Workflow IO
- class workflow_utils.workflow_io.DatasetFetch(*, uri_rest: str, uri_flight: str, dataset_id: str)
- dataset_id: str
- get_flight_ticket()
- uri_flight: str
- uri_rest: str
- class workflow_utils.workflow_io.PackageItemFetch(*, uri_rest: str, uri_flight: str, presigned_id: str, dataset_id: str)
- dataset_id: str
- get_flight_ticket()
- presigned_id: str
- uri_flight: str
- uri_rest: str
- class workflow_utils.workflow_io.PackageOptions(type: dataclasses.InitVar[str], format: dataclasses.InitVar[str | None] = None, content_type: dataclasses.InitVar[str | None] = None, name: dataclasses.InitVar[str | None] = None, prio: dataclasses.InitVar[int | None] = None, query_params: str | None = None, flight_path: list[str] | None = None)
Options for a package item.
- Parameters:
type (str, optional) – “DATASET” or “FILE”

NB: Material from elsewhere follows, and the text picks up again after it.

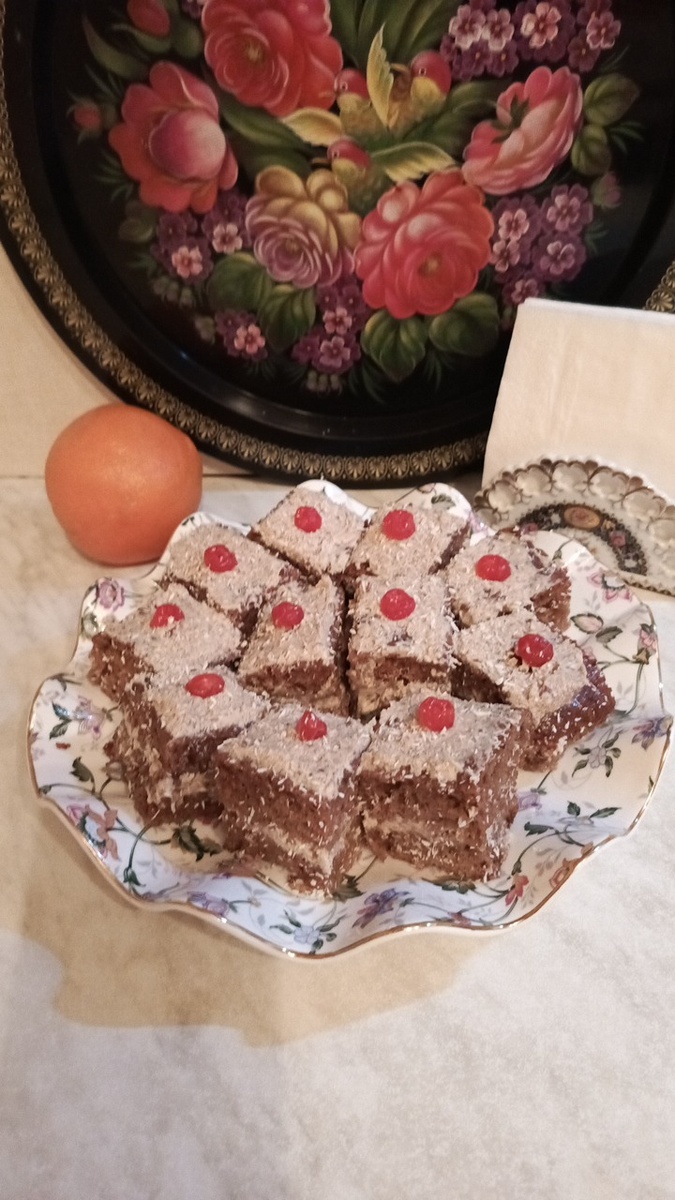 Бисквитные мини - пирожные - ммм, вкус великолепный! Фото автора.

format (str, optional) – “arrow” for datasets
content_type (str, optional) – When uploading files, the Content-Type header is set to this value
name (str, optional) – The name of the uploaded package item
prio (int, optional) – The prio of the uploaded package item, lower numbers are higher priority
- content_type: dataclasses.InitVar[str | None] = None
- flight_path: list[str] | None = None
- format: dataclasses.InitVar[str | None] = None
- name: dataclasses.InitVar[str | None] = None
- prio: dataclasses.InitVar[int | None] = None
- query_params: str | None = None
- type: dataclasses.InitVar[str]
- class workflow_utils.workflow_io.WorkflowIo(config_path: str = '/app/config.json')

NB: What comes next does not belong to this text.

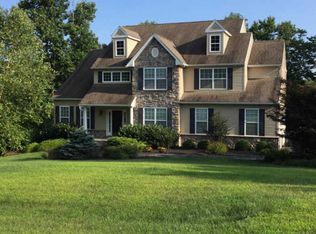 116 Cooper Hawk Dr, Coatesville, PA 19320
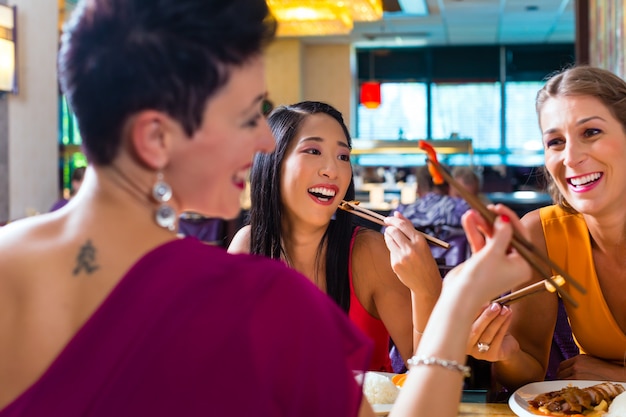 Les jeunes mangent au restaurant Asie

- argument(parameter: int) Argument | None
Get the argument of an input parameter.
- Parameters:
parameter (int) – The parameter number of the input (1 or greater)
- Returns:
The argument of the input parameter.
- Return type:
- argument_type(parameter: int) ArgumentType
Get the type of an input parameter.
- Parameters:
parameter (int) – The parameter number of the input (1 or greater)
- Returns:
The type of the input parameter, such as INTEGER, STRING, etc.
- Return type:
- arrow_value(*, parameter_name: str | None = None, parameter: int | None = None) Table | None
Resolve an input as PyArrow Table, either from the parameter or the name of the input, if possible. Return None if it cannot be resolved.
- Parameters:
parameter_name (str, optional) – Either None if not used or the name of the input
parameter (int, optional) – Either None if not used or the parameter number of the input
- Returns:
The value as PyArrow Table or None if not found
- Return type:
Optional[pyarrow.Table]
- dataset_value(*, parameter_name: str | None = None, parameter: int | None = None, converters: dict[str, Any] | None = None, has_header: bool = True) Dataset | None
Resolve an input as a Dataset, either from the parameter or the name of the input. Return None if it cannot be resolved.
- Parameters:
parameter_name (str, optional) – Either None if not used or the name of the input
parameter (int, optional) – Either None if not used or the parameter number of the input
converters (dict[str, Any], optional) – None or an override how a column should be parsed to, for example dict[“My Column”, str]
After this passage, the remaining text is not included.